- [PROBLEM REQUIREMENTS] Would you please reproduce all the entries exactly, leaving the pictures out?

- [INFORMATION GIVEN]
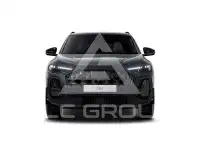 2025 Audi SQ5
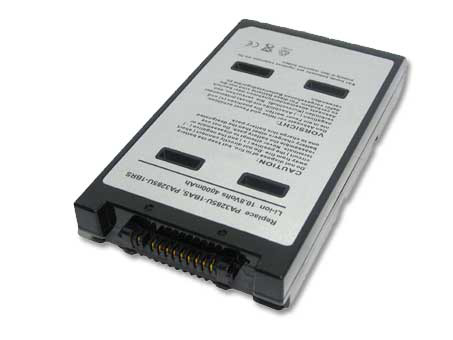 Reemplazo de Bateria de laptop para TOSHIBA PA3481U-1BAS Recambio de Bateria de laptop TOSHIBA PA3481U-1BAS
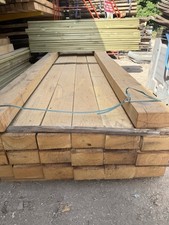 3.0m x 200 x 100  European oak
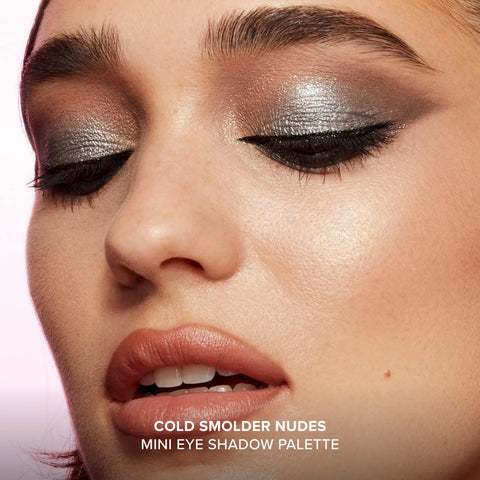 Born This Way Natural Nudes Mini Eye Shadow Palette
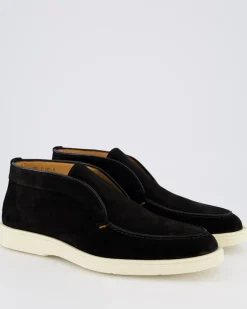 Heren Digits Loafer Zwart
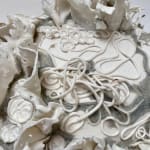 Anna Simson, Bloom II, 2024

- [SOLUTION TO THIS PROBLEM]
 2025 Audi SQ5
 Reemplazo de Bateria de laptop para TOSHIBA PA3481U-1BAS Recambio de Bateria de laptop TOSHIBA PA3481U-1BAS
 3.0m x 200 x 100  European oak
 Born This Way Natural Nudes Mini Eye Shadow Palette
 Heren Digits Loafer Zwart
 Anna Simson, Bloom II, 2024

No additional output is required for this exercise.